* Collected data *

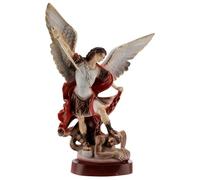 Holyart Statua San Michele Arcangelo Polvere di Marmo 30 cm Esterno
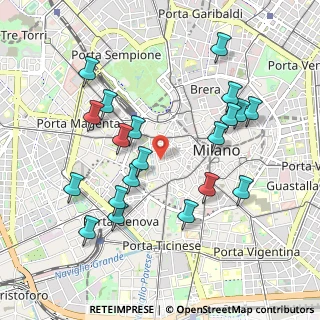 Mappa 20123 Milano MI, Italia (1.004)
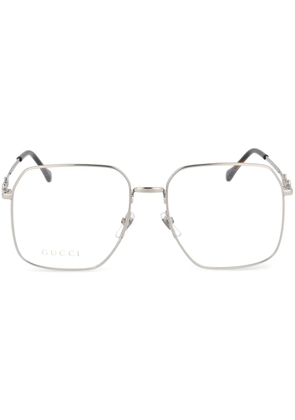 Gucci Eyewear GG095 Horsebit detail glasses - Silver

* Goal of the exercise *
Excluding the pictures, retype the line containing "Mappa 20123 Milano MI, Italia (1.004)" and all lines after it down to the end of the data above.

* Task answer *
 Mappa 20123 Milano MI, Italia (1.004)
 Gucci Eyewear GG095 Horsebit detail glasses - Silver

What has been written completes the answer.